The Harvard-educated former archbishop, who rubbed elbows with presidents and promoted social justice for immigrants and the poor, died in Rome. He had moved there after his 2002 resignation as the abuse scandal unleashed a major crisis in the Catholic Church that continues to reverberate around the world.
Evidence that he protected paedophile priests for years and hushed up their abuse of children to protect the church hierarchy shattered his once-venerated career and triggered an avalanche of molestation scandals reaching from Ireland to Australia and from Haiti to the Philippines.
Law died yesterday after a long illness, the Vatican said. Pope Francis will perform last rites at his funeral today at Saint Peter’s Basilica, triggering outrage from abuse victims who say he deserves a more ignominious end.
The molestation scandal hit Boston like an avalanche in January 2002, with hundreds of people coming forward to claim they had been abused by priests. Mushrooming allegations and mounting pressure ultimately forced Law to resign that December.
The case became the subject of the Oscar-winning 2015 Hollywood movie “Spotlight”, centred on how the Boston Globe newspaper uncovered the scandal — work that earned the Globe’s investigative team a Pulitzer Prize.
“I would prefer to see him tied to a cross and burned,” victim Alexa MacPherson told a news conference in Boston yesterday.
“I don’t think the pope gets it at all,” she said. “It’s time to bring forth change, and if you say that you want that, then you don’t celebrate this man’s legacy.”
“I just hope that man suffered every day of his life, knowing what he did,” said fellow victim Robert Costello, 56. “I think he should die like Osama bin Laden,” Costello added, referring to the Al-Qaeda leader’s burial at sea with no plaque or marked site.”
Law was initially accused of moving priest John Geoghan from parish to parish, despite knowing that Geoghan was believed to have abused up to 130 boys.

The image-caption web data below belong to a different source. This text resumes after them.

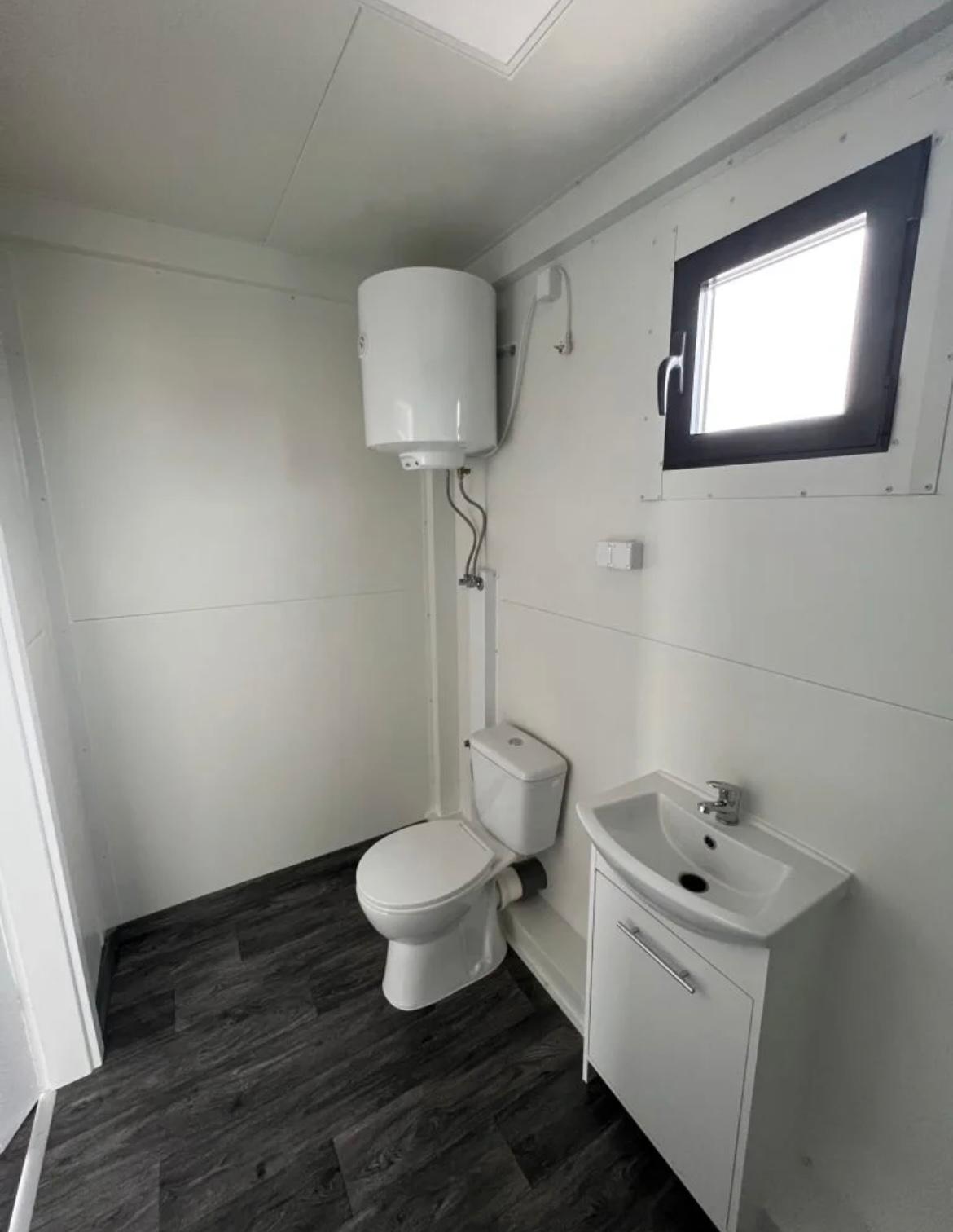Contenedor de oficina 8x3m
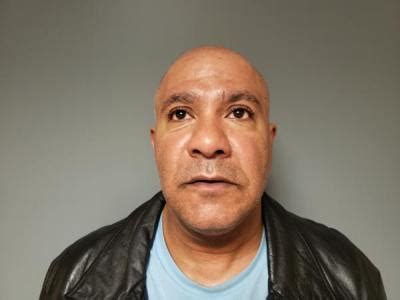 Angel L Robles Jr A Registered Sex Offender In Jersey City Nj At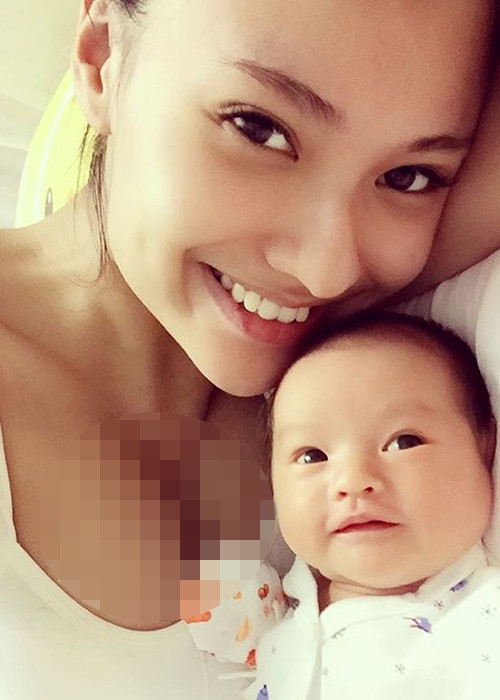 Hình ảnh bé Cherry mỉm cười thật tươi bên mẹ. Hồng Quế cho biết, cô đã phải chờ đợi khá lâu để có thể “chộp” được khoảnh khoắc này. (Ảnh: Facebook nhân vật)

The Spotlight reporters later discovered that the local Catholic hierarchy, led by Law, systematically covered up sexual abuse by 90 priests over decades.
In 2015, the National Catholic Reporter said the US Catholic Church had incurred nearly US$4 billion in costs related to the abuse crisis over 65 years, well above the nearly US$3 billion figure often cited.
Born in Torreon, Mexico on November 4, 1931, the son of a US Air Force colonel, Law grew up on military bases before studying medieval history at Harvard University.
He began his priesthood studies in 1953 and was ordained in Mississippi in 1961, becoming known nationally for his ecumenical work on social welfare and civil rights.